The European Commission has proposed to provide up to EUR 100 million in macro-financial assistance to North Macedonia. With this proposal, the EU is standing by North Macedonia in challenging times, as, following Russia’s war of aggression against Ukraine, the country’s external balance has deteriorated rapidly because of its high dependency on imports of fuel and electricity, an EC press release said.
North Macedonia also faces large external debt repayment needs in 2023 in a context of challenging financing conditions, according to the release.
“We stand by North Macedonia in these challenging times,” Commission President Ursula von der Leyen is cited as saying in the release. “Today, we propose up to EUR 100 million in macro-financial assistance to support the country’s economy, contributing to covering its financing needs for the next two years.”
“It will support the country’s economic needs, in the short-term, and structural reforms, to accompany North Macedonia on its EU path,” she wrote on Twitter.
EU Commissioner for Neighbourhood and Enlargement Olivér Várhelyi, also in a Twitter post, said: “In these challenging socio-economic times, the Commission stands by North Macedonia with its proposal to provide up to EUR 100m Macro-Financial Assistance for the country. It is another proof of our commitment that we stand with our partners.”

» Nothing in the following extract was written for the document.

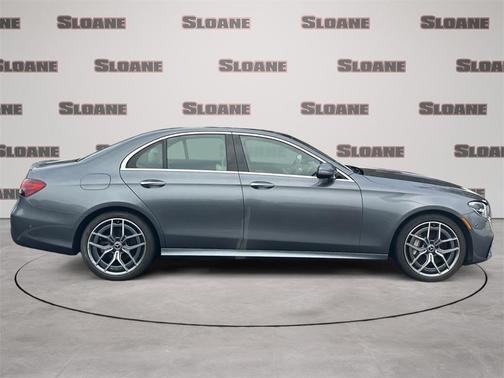 2021 Mercedes-Benz E-Class E 350 4MATIC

According to the EC press release, the proposed assistance would contribute to covering North Macedonia’s financing needs in 2023 and 2024, supporting both fiscal sustainability and structural reforms. The proposal accompanies a 24-month support program concluded with the International Monetary Fund of up to EUR 530 million.
“The assistance would come in the form of loans, to be paid in two tranches. These two payments would be conditional on the implementation of policy measures which need to be agreed between North Macedonia and the EU in a Memorandum of Understanding,” the release says.
The Memorandum of Understanding is expected to focus on policy reforms in the areas of fiscal governance, tax policy, the management of public investment, public-private partnerships, business environment, transparency in state aid, energy efficiency, judiciary reform, and the fight against corruption.
The payments would also be conditional on a positive track record in implementing the IMF program and the reforms will support North Macedonia on its path to EU membership. Next, the European Parliament and the Council of the EU are to consider and adopt the proposal.